ChaosFoxCostuming on 5 years ago
I know a lot of the photo's are similar but I wasn't sure which ones to upload like what was best of worst you know.
That would be the first problem and fortunately you have identified it. Fortunately you are not as bad as most people with this problem. To me the set doesn't get real interesting until the last nine photos. They all got something interesting and different going on.
The first 12 photos the subject doesn't seem too into it and could really benefit from some extra direction. She seems bored, uncomfortable or just not ready. Out of the first 12, there are about 4 I would have kept.
In some of the pics there seems to be this unusual cropping. Some pictures are skinny rectangles, some are square and some are normal. I prefer the original dimensions of a cameras aspect ratio unless you are dealing with more complicated factors such as a specific stylized look, something horrible got in the shot, prints or video.
The location is pretty good and this one is probably my favorite [url]https://www.facebook.com/photo.php?fbid=254039854771953&set=a.254039498105322.1073741841.210093412499931&type=3&theater[/url]
See how those walls and even the carpet are "coming toward" the subject? You need to do more stuff like that. If you cropped this photo at all, could you post the original here so I could see what it looked like before?
The worst has gotta be [url]https://www.facebook.com/photo.php?fbid=254039704771968&set=a.254039498105322.1073741841.210093412499931&type=3&theater[/url]
Angle and pose aren't too flattering. Background is brighter than subject and the glass is dirty.
What camera are you using?
ChaosFoxCostuming on 5 years ago
nathancarter on 5 years ago
Ken nailed a lot of good points.
Focus and sharpness look good. Facebook strips the EXIF but it looks like your other settings were under control. Good exposure on the skin, which is very important - so, nice work for your first time in full manual.
When viewing the set as a whole, it's clear that auto white balance was working against you. White balance is critical when shooting products and people - unless you're intentionally changing it up for creative purposes, don't let AWB give you slight variations from shot to shot. If you're shooting raw, you can fix it in post with no losses. If you're shooting jpeg, you can fix it in post but you have a lot less latitude to do so. Either way, when doing portraits, I like to set a custom white balance in the camera, every time the light changes.

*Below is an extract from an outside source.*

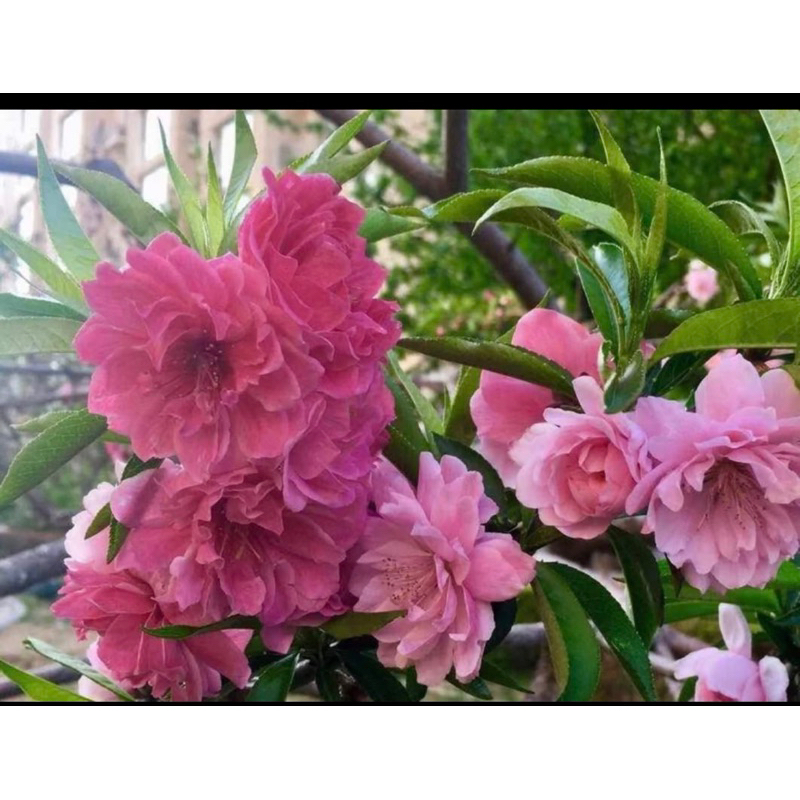 PHÂN BÓN KÍCH THÍCH TRỔ BÔNG, RA HOA ĐỒNG LOẠT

As Ken noted, repetition is boring, and can kill a set that would otherwise have been good. A set of 4 great images is way, way better than a set of 12 (or 20, or 50) repetitive images. Part of your job is developing your eye to see what's good and what's not - and showing only the best. Shoot 10, show 2.

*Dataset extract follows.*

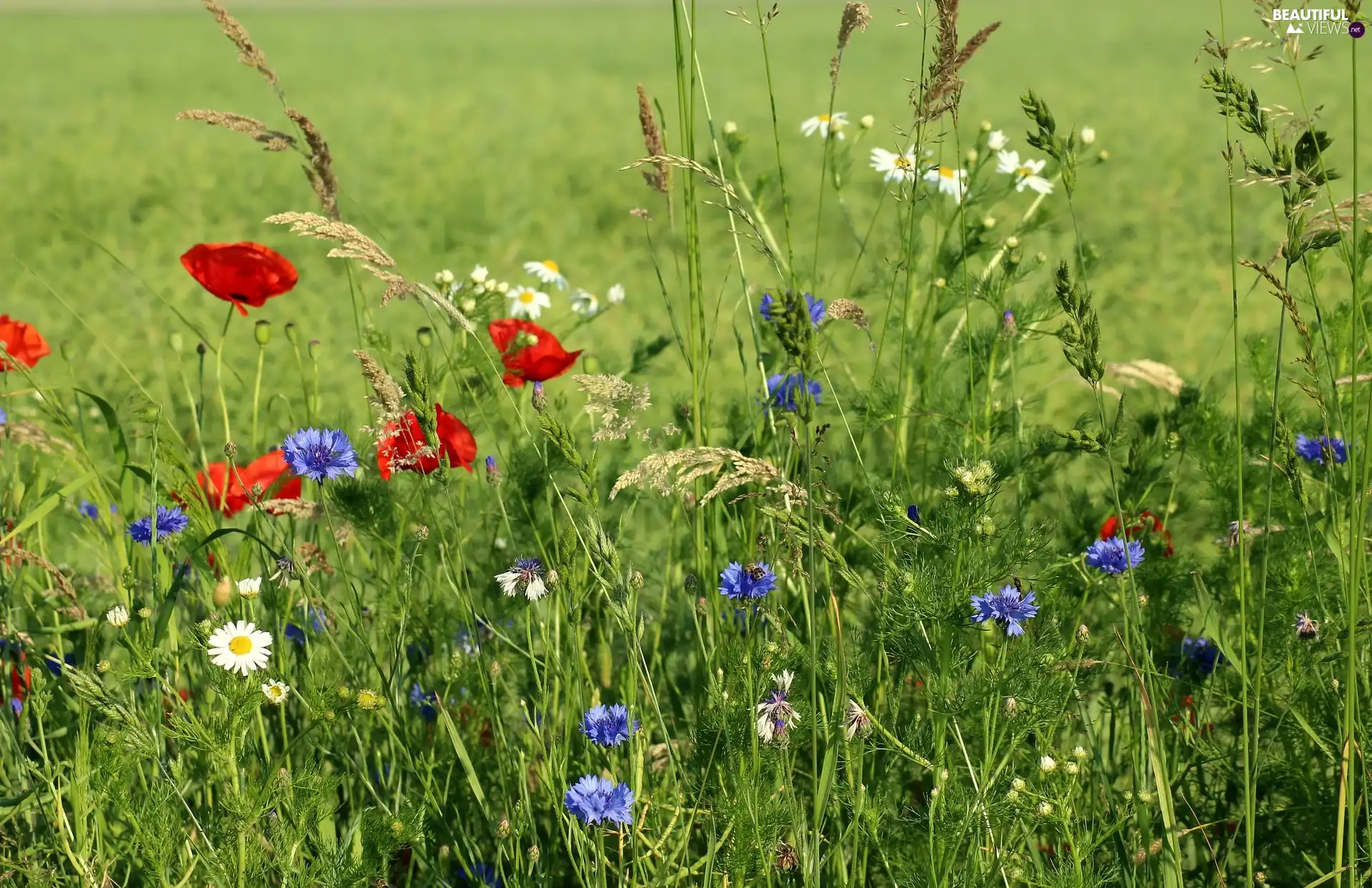 Meadow, cornflowers, grass, papavers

I think my biggest complaint/critique is this: It's your job to make a portrait that flatters the subject, and many of these just didn't accomplish that. You've got to help her look good, through a combination of a connection between her and the camera; direction in posing and facial expression; and flattering lighting. Don't take this too hard, though - it takes a lot of practice to get good at these things. I don't profess to be an expert, though I've gotten a lot better over the past few years, through study and practice and hard work.

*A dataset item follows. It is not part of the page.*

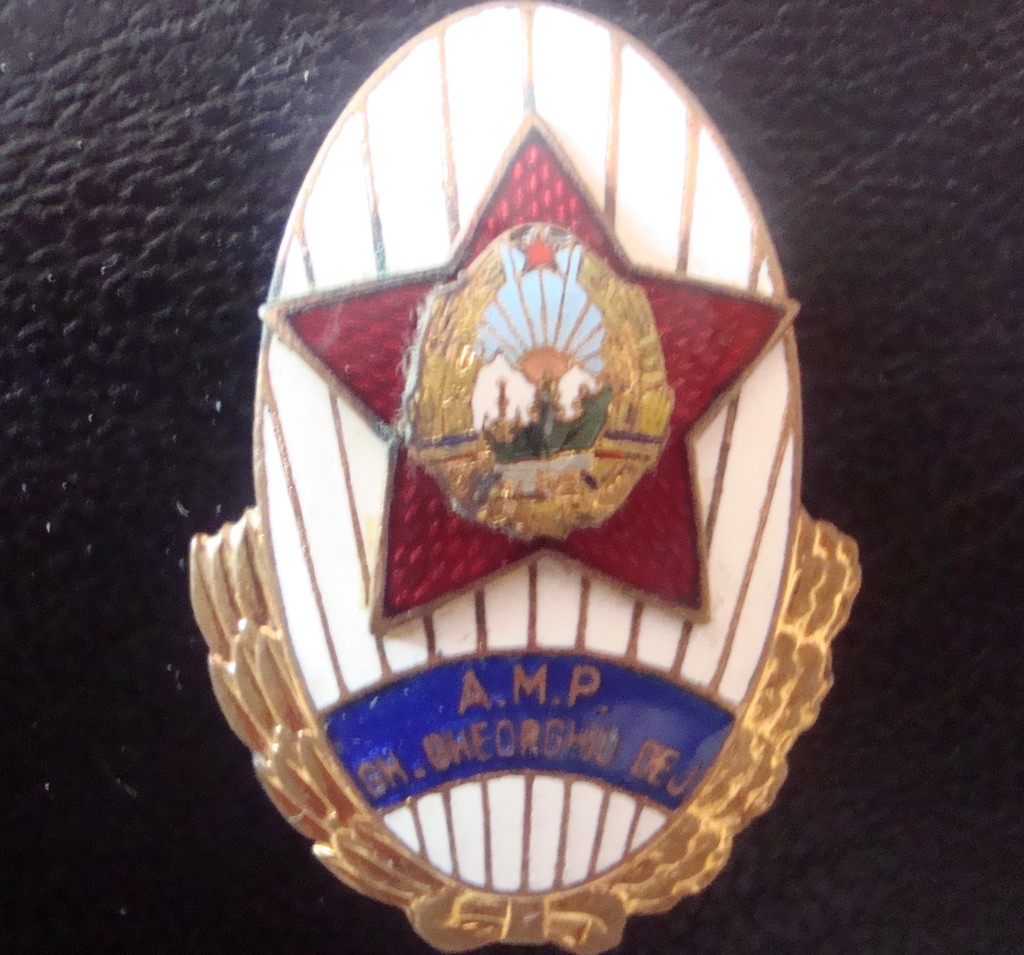 insigna academia politica.jpg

I don't know the subject, but I can say with absolute certainty that she doesn't want a double-chin showing in portraits. But if she pulls her chin down/back for a "demure" look, she's gonna get one. That sort of pose just doesn't work for everyone. Here's a great tip:
[URL="http://www.youtube.com/watch?v=Qe3oJnFtA_k"]Peter Hurley: It's All About the Jaw[/URL]
Another trick: If the subject is concerned about the jawline, you can "cheat"in postprocessing, and use the burn tool just a little teeny tiny bit, to create a shadow underneath the jaw/chin and enhance the jawline. DON'T OVERDO IT though. And this won't work on every shot.
[[My wife gets a double chin in photos unless we're very careful to control it. The madame in our dance troupe does, too. If the photo shows a double chin on either of these ladies, I'm gonna have a Bad Time. So I've had to learn some posing tricks, lighting tricks, workarounds (hide it with the hair or props or hands or collar), and processing tricks.]]
Another thing to watch out for, is the upper arms. Pose with the upper arm pressed against the body, it's gonna look pudgy. Put some space between the elbow and the body, and both the arm and the waist will look slim.
My favorite is this one:
Cute pose, good connection to the camera, flattering to the subject. Good jawline, good eyes, the contrast between the book and the dress gives the illusion of a much slimmer waist.
Second favorite is probably the B&W, it's a very flattering pose, the best pose out of all of those next to the window. Looking up at the camera stretches and slims the neck and tightens the jaw; that type of seated pose gives her a nice S-curve, and the long hair minimizes the upper arms.
Wanted to wait until somebody else critique before I commented again and now someone has.
What I would have kept out of the first 12 was the 1st, 4th, 5th, and 8th.
I personally don't mind "big sets" too much, but there is gotta be something a little different going on at least.
Here is what a typical set can look like from me
Nowadays I just send who I worked with those images privately and only post 2-3 of them publicly.